Available records »
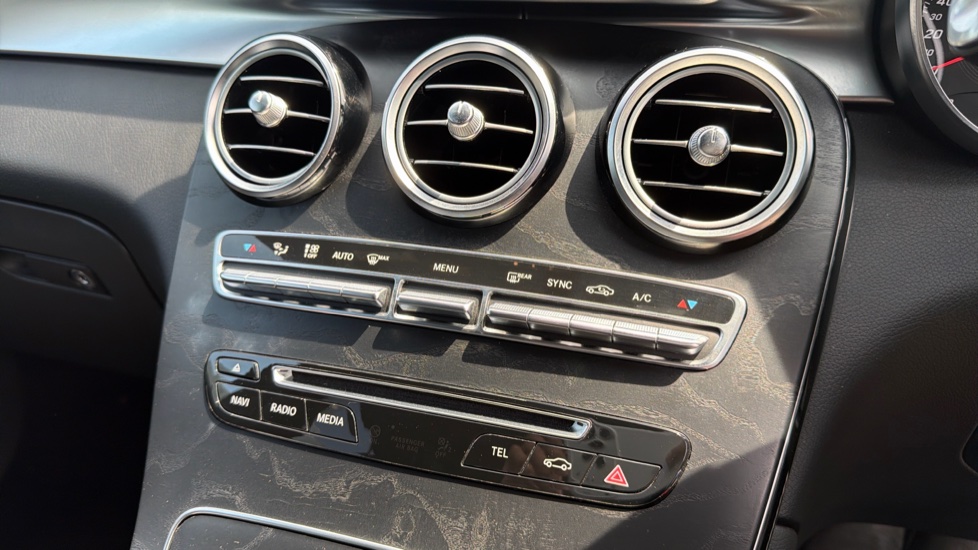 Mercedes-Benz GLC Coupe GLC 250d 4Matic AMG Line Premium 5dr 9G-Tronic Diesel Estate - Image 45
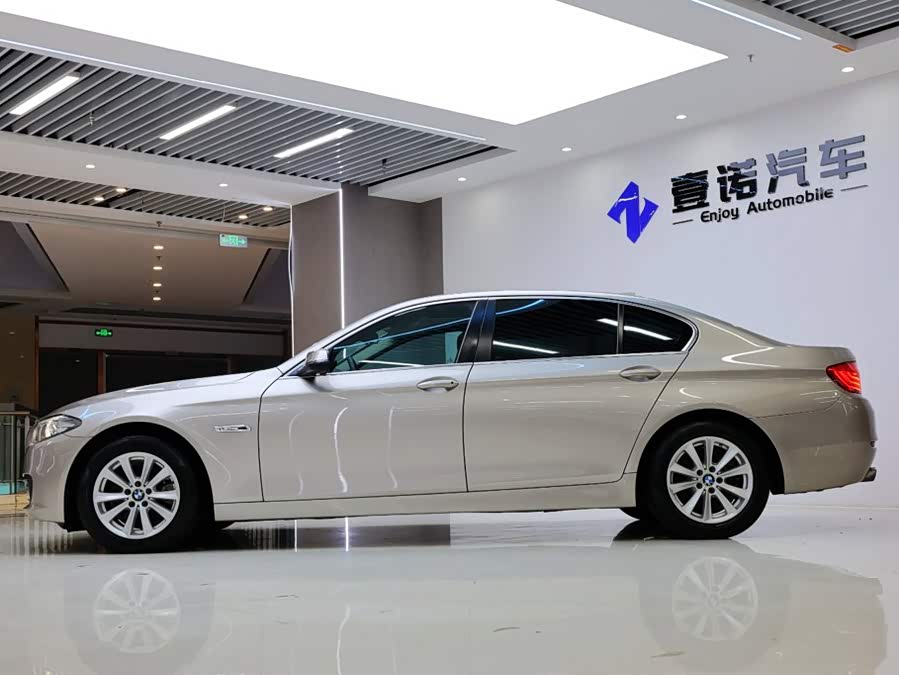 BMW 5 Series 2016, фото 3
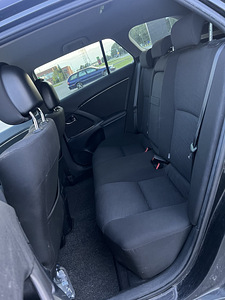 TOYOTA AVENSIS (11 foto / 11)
==
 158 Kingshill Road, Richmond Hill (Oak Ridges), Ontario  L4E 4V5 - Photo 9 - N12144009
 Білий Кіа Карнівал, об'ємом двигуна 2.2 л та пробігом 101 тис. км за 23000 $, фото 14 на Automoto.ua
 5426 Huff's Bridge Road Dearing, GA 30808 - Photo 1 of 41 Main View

What needs to be done »
Please show each line in the records above that contains "Photo".

Completed task »
 158 Kingshill Road, Richmond Hill (Oak Ridges), Ontario  L4E 4V5 - Photo 9 - N12144009
 5426 Huff's Bridge Road Dearing, GA 30808 - Photo 1 of 41 Main View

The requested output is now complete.